I am doing a study on the fall of Satan. What we often hear is that Satan's sin was pride, and probably not the only one. What are some verses that describes Satan's sins and reasons for his fall?

I personally side with Calvin, Gill and Matthew Henry on the opinion that Ezekiel 28 and Isaiah 14 does not refer to Satan. 

Any thoughts?


----------



## Bill The Baptist (Feb 28, 2013)

Here are two, murder and lying.

"You are of your father the devil, and the desires of your father you want to do. He was a murderer from the beginning, and does not stand in the truth, because there is no truth in him. When he speaks a lie, he speaks from his own resources, for he is a liar and the father of it." -John 6:44


----------



## Peairtach (Feb 28, 2013)

> He was a murderer from the beginning



He withdrew his love from God, his Father.
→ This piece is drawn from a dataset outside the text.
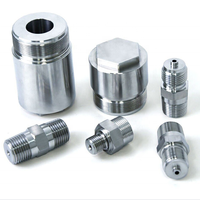 Service de pièces de machines minières usinées CNC 5 axes sur mesure de haute précision, matériau brut en acier billette, tolérance 0,01-0,005 mm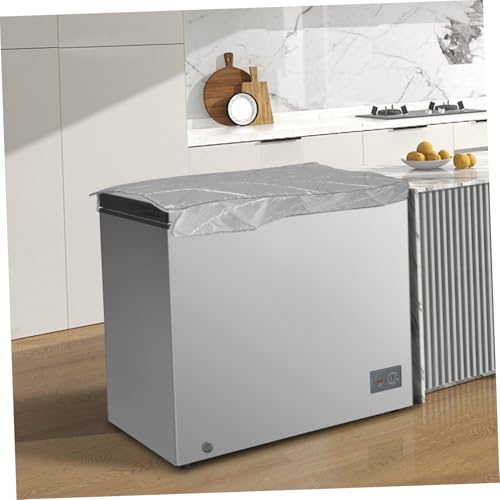 Housse congélateur anti-surchauffe rideau isolant imperméable 70x70 cm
There was a time when Satan loved God.

If the essence of obedience is love to God, as in the Great Commandment, the essence of all sin is enmity towards God.


----------



## Jake (Feb 28, 2013)

I believe the idea about Satan's sin being pride came from the first book of Paradise Lost by Milton, including also the ideas about Satan falling from heaven.


----------



## Don Kistler (Feb 28, 2013)

Was it not all the "I wills" listed in Scripture?

"I will..."

"I will..."

and finally, "I will be like the most High God."


----------



## charispistis (Feb 28, 2013)

Jake said:


> I believe the idea about Satan's sin being pride came from the first book of Paradise Lost by Milton, including also the ideas about Satan falling from heaven.
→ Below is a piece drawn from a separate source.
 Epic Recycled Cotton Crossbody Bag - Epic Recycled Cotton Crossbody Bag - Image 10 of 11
Yes but look at 1 Timothy 3:6:
"Not a novice, *lest being lifted up with pride he fall into the condemnation of the devil*."


----------



## A Tulip Not a Daisy (Feb 28, 2013)

Rebellion.

Revelation 12:4 
And his tail drew the third part of the stars of heaven, and did cast them to the earth: and the dragon stood before the woman which was ready to be delivered, for to devour her child as soon as it was born.


----------



## Don Kistler (Feb 28, 2013)

It seems that the original sin of Satan was the same as the original sin of Eve (and Adam), that of discontent. Satan was not content with what God had given him and wanted in the end to be equal with God. Eve and Adam were not content with paradise, they wanted to be on the same level as God, "knowing good and evil." 

Pride is there, yes, in the sense that we think we deserve more than God wants to give us. But discontent seems to be behind the pride.


----------